:: What you need to do ::
The records that follow are to be repeated exactly, with no pictures carried over.

#####

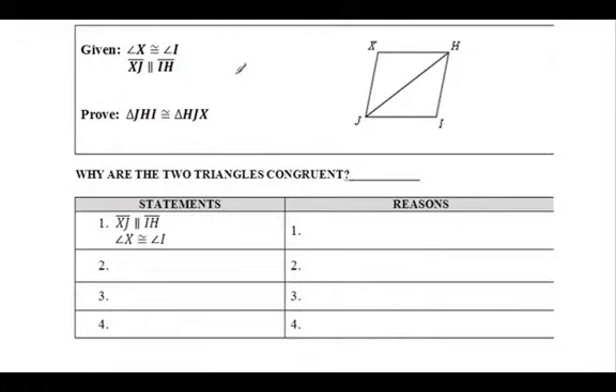First thing I like to do is mark the picture. If I'm given angle X is congruent, I draw it on here. Then I know they're parallel - XJ is parallel to IH. What does that tell us? If they're parallel lines cut by a transversal, think back to chapter 3 - alternate interior angles are congruent. So this angle right here is going to match this angle right here. And this side is definitely congruent to itself.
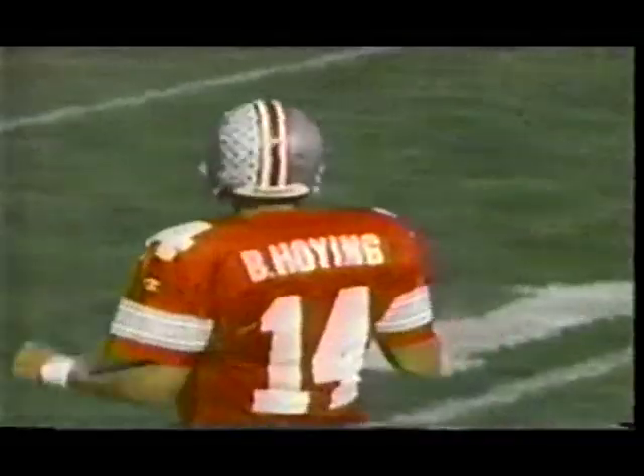He looks that way, pulls it down, throws it — bad throw. Hoying had his man wide open and missed him.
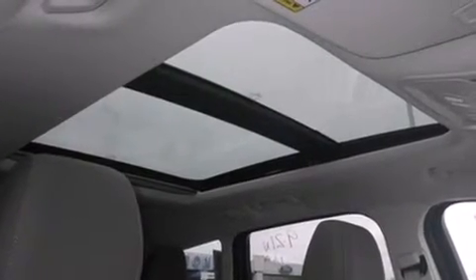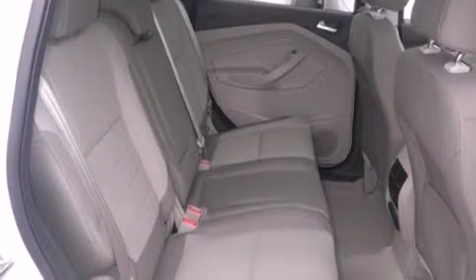Also included: air conditioning, cruise control, full power accessories, dusk-sensing headlights, speed-sensitive wipers, and third-row seating.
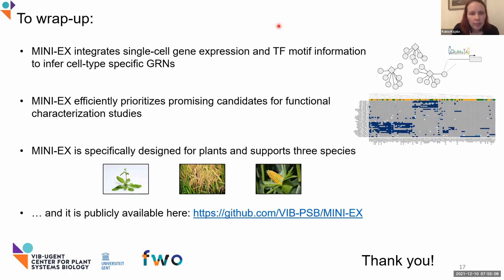One more question from Taras Pasternak: have you tried to integrate your data with epigenetic regulation in situ? No, but it's actually a nice idea that we might look into in the future. Thank you.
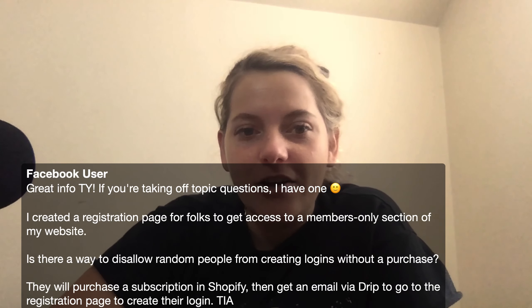So we are done with the mobile tutorial section of this video. Now I'm going to answer this off-topic question. It says: 'I created a registration page for folks to get access to a members-only section of my website. Is there a way to disallow random people from creating logins without a purchase? They will purchase a subscription in Shopify and then get an email via Drip to go to the registration page to create their login.'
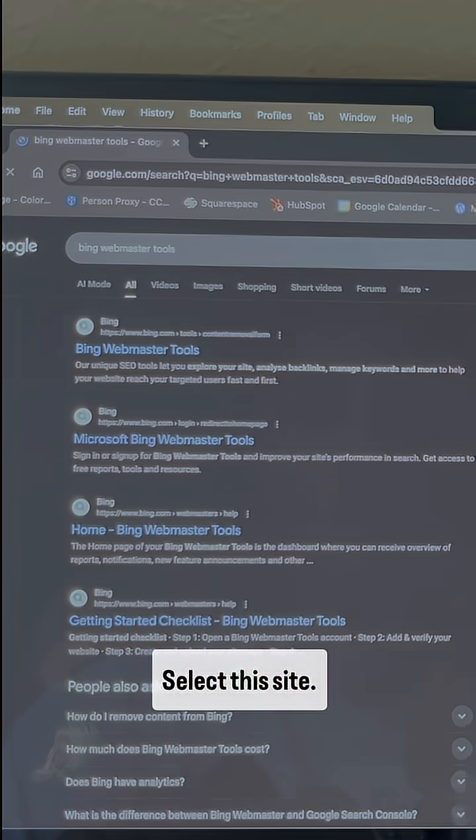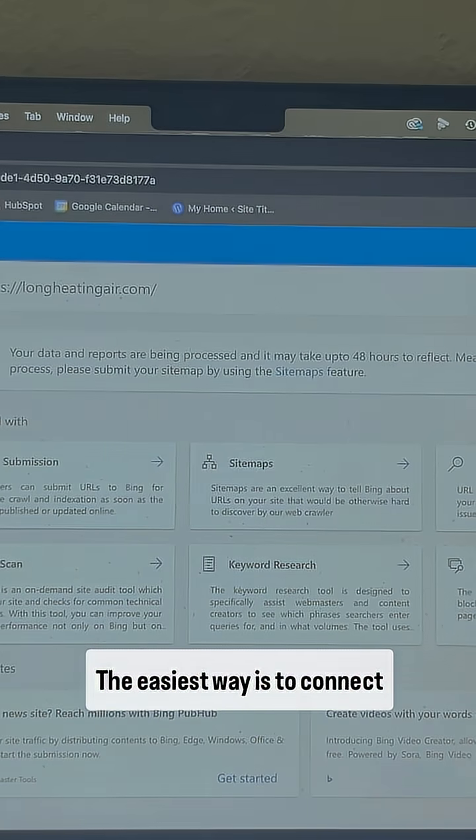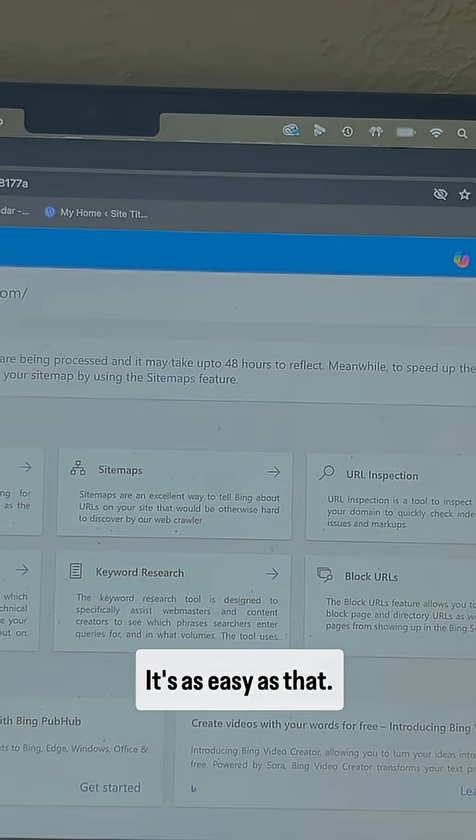And here's how to do it. Go to Bing Webmaster Tools, select this site, and sign in with your Google account. The easiest way is to connect your Google Search Console to add your website. Once you've done that, your website is added — it's as easy as that.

#####

:: Written reply ::
First thing I like to do is mark the picture. If I'm given angle X is congruent, I draw it on here. Then I know they're parallel - XJ is parallel to IH. What does that tell us? If they're parallel lines cut by a transversal, think back to chapter 3 - alternate interior angles are congruent. So this angle right here is going to match this angle right here. And this side is definitely congruent to itself.
He looks that way, pulls it down, throws it — bad throw. Hoying had his man wide open and missed him.
Also included: air conditioning, cruise control, full power accessories, dusk-sensing headlights, speed-sensitive wipers, and third-row seating.
One more question from Taras Pasternak: have you tried to integrate your data with epigenetic regulation in situ? No, but it's actually a nice idea that we might look into in the future. Thank you.
So we are done with the mobile tutorial section of this video. Now I'm going to answer this off-topic question. It says: 'I created a registration page for folks to get access to a members-only section of my website. Is there a way to disallow random people from creating logins without a purchase? They will purchase a subscription in Shopify and then get an email via Drip to go to the registration page to create their login.'
And here's how to do it. Go to Bing Webmaster Tools, select this site, and sign in with your Google account. The easiest way is to connect your Google Search Console to add your website. Once you've done that, your website is added — it's as easy as that.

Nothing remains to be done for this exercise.